Background: Allicin has demonstrated promoting effects on the sensitivity of non-small cell lung cancer (NSCLC) cells to radiotherapy. Herein, we further explore the mechanism by which allicin improves NSCLC immunotherapy.

Methods: NSCLC cells were subjected to different concentrations of allicin, where protein levels of lysine demethylase 5B (KDM5B) and SET domain bifurcated histone lysine methyltransferase 1 (SETDB1) were measured. To unveil the mechanism of allicin, KDM5B overexpression plasmid and short hairpin RNA for SETDB1 (shSETDB1) were first constructed, and transfected into cells. The basic function and molecular expressions of NSCLC cells were examined. In vivo studies were performed through constructing hormonal tumour mice model. After administration of allicin and/or anti-programmed death receptor 1 (PD-1), changes in tumour growth, KDM5B and SETDB1 expressions, and immune cell infiltration were analyzed by tumour volume measurement, differentiation assays, immunohistochemical staining, and flow cytometry.

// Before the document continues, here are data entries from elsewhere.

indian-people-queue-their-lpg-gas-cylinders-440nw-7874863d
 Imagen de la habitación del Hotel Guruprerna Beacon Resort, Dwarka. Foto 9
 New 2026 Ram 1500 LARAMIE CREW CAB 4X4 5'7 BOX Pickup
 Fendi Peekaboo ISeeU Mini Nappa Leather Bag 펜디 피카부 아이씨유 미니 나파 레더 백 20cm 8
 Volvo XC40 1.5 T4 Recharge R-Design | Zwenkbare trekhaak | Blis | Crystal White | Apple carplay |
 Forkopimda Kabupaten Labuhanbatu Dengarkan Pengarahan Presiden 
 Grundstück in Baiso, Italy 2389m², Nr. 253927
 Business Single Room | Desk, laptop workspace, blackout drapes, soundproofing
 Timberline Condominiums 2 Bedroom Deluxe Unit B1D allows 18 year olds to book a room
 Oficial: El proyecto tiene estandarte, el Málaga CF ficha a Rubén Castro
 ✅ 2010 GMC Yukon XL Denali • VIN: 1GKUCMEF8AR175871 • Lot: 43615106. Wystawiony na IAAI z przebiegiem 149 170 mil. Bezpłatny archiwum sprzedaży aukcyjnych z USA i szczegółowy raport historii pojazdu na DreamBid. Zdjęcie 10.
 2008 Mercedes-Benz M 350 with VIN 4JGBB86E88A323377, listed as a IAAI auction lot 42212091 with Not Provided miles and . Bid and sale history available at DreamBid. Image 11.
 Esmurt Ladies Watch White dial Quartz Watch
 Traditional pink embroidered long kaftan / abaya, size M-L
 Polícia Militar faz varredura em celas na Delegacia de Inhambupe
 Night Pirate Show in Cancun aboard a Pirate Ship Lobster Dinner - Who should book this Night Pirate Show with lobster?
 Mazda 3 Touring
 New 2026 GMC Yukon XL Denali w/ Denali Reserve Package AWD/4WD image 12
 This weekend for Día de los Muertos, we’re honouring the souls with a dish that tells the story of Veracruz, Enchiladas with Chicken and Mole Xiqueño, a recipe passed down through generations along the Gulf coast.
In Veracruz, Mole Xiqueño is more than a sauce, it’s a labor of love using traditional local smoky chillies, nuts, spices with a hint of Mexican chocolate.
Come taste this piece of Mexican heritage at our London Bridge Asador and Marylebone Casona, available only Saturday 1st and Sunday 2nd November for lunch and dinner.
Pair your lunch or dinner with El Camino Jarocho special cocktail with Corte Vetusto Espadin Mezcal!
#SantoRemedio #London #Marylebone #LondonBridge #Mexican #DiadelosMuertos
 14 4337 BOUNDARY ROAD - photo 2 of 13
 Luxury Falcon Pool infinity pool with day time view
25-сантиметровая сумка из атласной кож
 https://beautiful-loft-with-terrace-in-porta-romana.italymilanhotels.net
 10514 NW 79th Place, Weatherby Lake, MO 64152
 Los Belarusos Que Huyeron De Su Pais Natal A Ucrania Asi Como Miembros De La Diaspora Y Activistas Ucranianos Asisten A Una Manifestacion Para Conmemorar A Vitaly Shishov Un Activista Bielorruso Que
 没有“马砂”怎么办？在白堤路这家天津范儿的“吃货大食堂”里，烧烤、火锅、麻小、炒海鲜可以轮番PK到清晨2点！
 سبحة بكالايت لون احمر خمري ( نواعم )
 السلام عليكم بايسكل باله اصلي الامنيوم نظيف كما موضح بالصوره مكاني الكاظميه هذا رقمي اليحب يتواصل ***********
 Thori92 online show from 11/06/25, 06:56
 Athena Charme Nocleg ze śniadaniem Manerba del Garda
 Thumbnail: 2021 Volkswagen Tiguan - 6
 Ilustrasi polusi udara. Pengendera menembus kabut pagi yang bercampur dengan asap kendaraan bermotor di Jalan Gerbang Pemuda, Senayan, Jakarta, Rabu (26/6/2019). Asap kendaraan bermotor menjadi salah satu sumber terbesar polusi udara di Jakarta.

Results: Allicin down-regulated KDM5B and SETDB1 protein expressions in NSCLC cells (p < 0.05). Allicin inhibited NSCLC cell viability, migration and invasion, while promoting apoptosis (p < 0.05). Overexpression of KDM5B counteracted the therapeutic effect of allicin, while shSETDB1 reversed the effect of KDM5B (p < 0.05). In vivo, allicin significantly inhibited the growth of transplanted tumours, repressed the expressions of KDM5B and SETDB1, promoted CD8+ T-cell infiltration and reduced the proportion of tumour-associated macrophages (TAM) in the tumour (p < 0.05). With the addition of anti-PD-1 therapy, allicin showed synergistic adjuvant effects (p < 0.05).

Conclusion: Allicin inhibits the malignant function of NSCLC cells by regulating KDM5B/SETDB1 and potentiates the suppressing effect of anti-PD-1 therapy on tumour growth.